Reviewer on the Roof

Many people who have published in peer-reviewed journals have nice little horror stories to tell about the referree reports they get. I remember reading about a two-paragraph report the first sentence of which said that the paper's point was trivial and the second of which said it was wrong. However, I've never come across a story like this:
We had a very interesting experience a few years ago when we came out with a paper about Ashkenazi history and evolution. Reviewers mostly hated it, but the criticisms we got were almost entirely worthless. We had population geneticists telling us we had the history wrong (citing "Fiddler on the Roof"!), historians telling us we didn't understand evolution, lab geneticists telling us that we didn't understand population genetics.

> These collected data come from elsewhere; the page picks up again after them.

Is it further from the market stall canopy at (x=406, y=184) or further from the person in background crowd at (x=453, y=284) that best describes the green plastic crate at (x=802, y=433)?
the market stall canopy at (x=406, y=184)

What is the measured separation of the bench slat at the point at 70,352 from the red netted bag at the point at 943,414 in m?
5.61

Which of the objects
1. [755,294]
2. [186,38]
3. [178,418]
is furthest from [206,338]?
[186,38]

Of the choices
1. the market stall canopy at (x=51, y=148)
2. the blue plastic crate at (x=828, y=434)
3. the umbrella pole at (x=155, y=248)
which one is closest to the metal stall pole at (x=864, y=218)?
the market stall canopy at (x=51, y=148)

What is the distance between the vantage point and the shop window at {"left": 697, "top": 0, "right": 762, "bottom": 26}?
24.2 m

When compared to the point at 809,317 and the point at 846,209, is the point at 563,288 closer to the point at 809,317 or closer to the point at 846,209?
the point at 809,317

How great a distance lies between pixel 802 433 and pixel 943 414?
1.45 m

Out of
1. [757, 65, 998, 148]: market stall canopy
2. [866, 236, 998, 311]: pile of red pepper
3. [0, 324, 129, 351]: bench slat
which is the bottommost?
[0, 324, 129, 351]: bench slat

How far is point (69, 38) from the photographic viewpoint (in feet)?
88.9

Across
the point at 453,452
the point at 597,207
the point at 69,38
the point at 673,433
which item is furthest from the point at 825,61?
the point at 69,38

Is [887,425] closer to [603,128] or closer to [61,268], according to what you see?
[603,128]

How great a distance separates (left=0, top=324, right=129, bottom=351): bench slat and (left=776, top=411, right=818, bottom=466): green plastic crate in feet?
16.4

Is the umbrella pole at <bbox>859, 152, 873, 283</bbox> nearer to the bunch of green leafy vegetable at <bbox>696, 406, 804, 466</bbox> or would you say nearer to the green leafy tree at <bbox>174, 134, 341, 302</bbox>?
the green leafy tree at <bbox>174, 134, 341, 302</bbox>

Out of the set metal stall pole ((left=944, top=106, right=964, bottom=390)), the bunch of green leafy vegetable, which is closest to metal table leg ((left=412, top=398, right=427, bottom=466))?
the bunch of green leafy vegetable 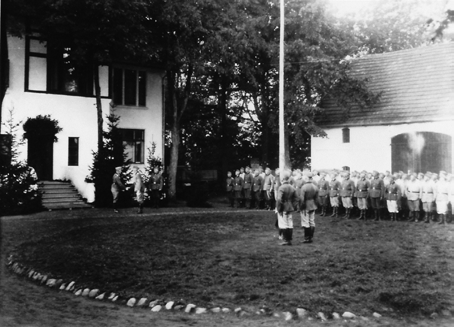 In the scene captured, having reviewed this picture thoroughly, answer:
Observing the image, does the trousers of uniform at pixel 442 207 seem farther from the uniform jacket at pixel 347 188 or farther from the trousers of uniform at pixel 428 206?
the uniform jacket at pixel 347 188

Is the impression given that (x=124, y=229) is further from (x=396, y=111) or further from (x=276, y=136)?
(x=396, y=111)

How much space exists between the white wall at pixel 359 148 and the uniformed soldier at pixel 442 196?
350 cm

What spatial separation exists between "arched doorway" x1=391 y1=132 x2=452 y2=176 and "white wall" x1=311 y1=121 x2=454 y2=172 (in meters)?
0.27

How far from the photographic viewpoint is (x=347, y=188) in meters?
17.6

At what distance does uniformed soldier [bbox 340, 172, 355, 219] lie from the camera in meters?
17.6

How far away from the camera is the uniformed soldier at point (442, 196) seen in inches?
600

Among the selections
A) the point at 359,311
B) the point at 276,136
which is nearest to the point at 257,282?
the point at 359,311

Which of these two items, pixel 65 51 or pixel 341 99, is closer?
pixel 65 51

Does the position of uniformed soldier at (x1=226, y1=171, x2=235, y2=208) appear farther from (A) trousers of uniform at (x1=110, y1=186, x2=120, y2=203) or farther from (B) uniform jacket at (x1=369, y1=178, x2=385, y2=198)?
(B) uniform jacket at (x1=369, y1=178, x2=385, y2=198)

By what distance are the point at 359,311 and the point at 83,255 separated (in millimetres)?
5091

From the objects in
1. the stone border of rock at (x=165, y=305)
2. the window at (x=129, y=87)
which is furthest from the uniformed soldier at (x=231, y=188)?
Result: the stone border of rock at (x=165, y=305)

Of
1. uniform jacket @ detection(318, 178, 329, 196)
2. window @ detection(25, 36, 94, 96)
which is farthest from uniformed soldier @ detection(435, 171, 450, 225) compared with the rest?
window @ detection(25, 36, 94, 96)

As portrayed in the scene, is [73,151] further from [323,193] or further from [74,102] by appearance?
[323,193]

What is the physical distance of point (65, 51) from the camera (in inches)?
720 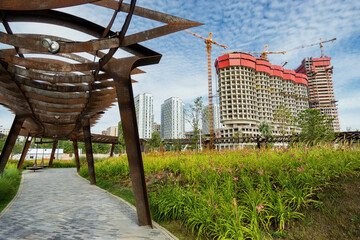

You know, I suspected that particular reviewer had obtained his deep historical knowledge of the Ashkenazi Jews in the Middle Ages by watching "Fiddler on the Roof." That shows just how cynical I am. And then he confirmed it, when I asked him.
That's from the first installment of 2Blowhards' interview with Gregory Cochran on his and Henry Harpending's new book The 10,000 Year Explosion in which they argue that evolution has sped up during the last 10,000 years or so.

I haven't read the book, but I remember reading earlier that Cochran and Harpending, quite remarkably, argued that evolution was still going on. Not only is this a much more modest claim, but I was wondering then and am wondering still: If you're arguing that evolution has stopped at some point in the past, then aren't you denying the theory of evolution itself?